August 1, 1775

The Tyrannical Rabble of America

Being an American, and inclined to approve of the Revolution, I tend to emphasize the things that put the Americans in a good light — though I can add, in fairness to myself, that the Americans wrote more about the war than the British did, and not surprisingly, since most of it was happening on their doorstep instead of across the sea. I can’t claim to be unbiased, but I do try to be fair.

Another, though perhaps minor, reason why it’s easier to find things that were said in favor of the Revolution than against it is because that some people were intimated from speaking against it. For example, one person in Philadelphia wrote home to England on August 1, 1775, condemning the revolutionaries, but didn’t want anybody to know about it, because they were afraid of reprisals. They wrote:

You would hardly conceive, without seeing it, to what a height the political fury of this Country is arrived. I most heartily wish myself at home among free-born Englishmen, not among this tyrannical and arbitrary rabble of America. They have made many protestations of respect for England, and of their desire of union with the Mother Country, but you may take my word for it, my dear friend, it is the meanest and basest hypocrisy that ever was assumed. … You would feel the indignation I do every day, when I hear my King and Country vilified and abused by a parcel of wretches who owe their very existence to it. … Are the friends of Great Britain and their property to be left exposed at this rate to the dictates of an inhuman rabble? I expect, with many others, if I do not join in the seditious and traitorous acts in vogue, to be hauled away and confined in a prison, with the confiscation of all I have in the world. … Conceal my name; or I should run a great risk of my life and property, were it discovered here that I had sent you any account of these proceedings. Indeed, I incur some danger in writing at all; nor should I, if I could not confide in my conveyance.
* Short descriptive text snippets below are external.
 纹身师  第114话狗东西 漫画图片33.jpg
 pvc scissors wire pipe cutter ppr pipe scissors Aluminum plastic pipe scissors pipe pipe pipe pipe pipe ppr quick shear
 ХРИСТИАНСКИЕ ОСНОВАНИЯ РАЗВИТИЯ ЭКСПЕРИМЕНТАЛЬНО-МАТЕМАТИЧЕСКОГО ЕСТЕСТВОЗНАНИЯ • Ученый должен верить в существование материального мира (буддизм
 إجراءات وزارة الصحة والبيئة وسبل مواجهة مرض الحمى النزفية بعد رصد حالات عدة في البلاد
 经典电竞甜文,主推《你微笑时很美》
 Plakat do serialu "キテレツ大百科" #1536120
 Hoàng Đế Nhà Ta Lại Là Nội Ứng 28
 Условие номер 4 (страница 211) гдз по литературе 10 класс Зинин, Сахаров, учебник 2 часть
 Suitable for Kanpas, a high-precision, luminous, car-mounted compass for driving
While being grateful for what came of the Revolution, let’s not forget that there were mobs and other things that we shouldn’t be proud of in the Revolution. As the above writer mentioned, the people, and not just a king or dictator, can be tyrannical.


The Royal Highland Emigrants

Also on this day, in Quebec, some recruiters started looking for Scots who were willing to fight in favor of the King; although the war wasn’t in Canada yet, the British leaders rightly saw it coming:

On Tuesday last, August 1st, a recruiting party began beating up here for Volunteers, for Captain William Dunbar’s Company of the Royal Emigrants, and we hear they have already enlisted fourteen.

Conditions to be given to such Soldiers as will engage [i.e., enlist] in the Royal Highland Emigrants:

They are to engage during the present troubles in America only. Each soldier is to have two hundred acres of land in any Province in North-America he shall think proper, the King to pay the Patent fees, Secretary’s fees, and Surveyor-General’s; besides twenty years free of quitrent; each married man gets fifty acres for his wife, and fifty for each child, on the same terms.

And as a gratuity, besides the above great terms, one guinea levy money.


Notes

The phrase “beating up” didn’t mean that the recruiters in Quebec were beating people up in order to get them to join; rather, it meant that they were trying to “drum up” recruits. Today, we still use the term “drum up” in relation to business. Back then, it was often literal; they would get attention by beating drums in a public place.

“Levy money” was money that men would get just for signing up.

A “guinea” was a gold coin worth 21 shillings.

“Quitrent” wasn’t exactly the same as property tax, but you could think of it that way.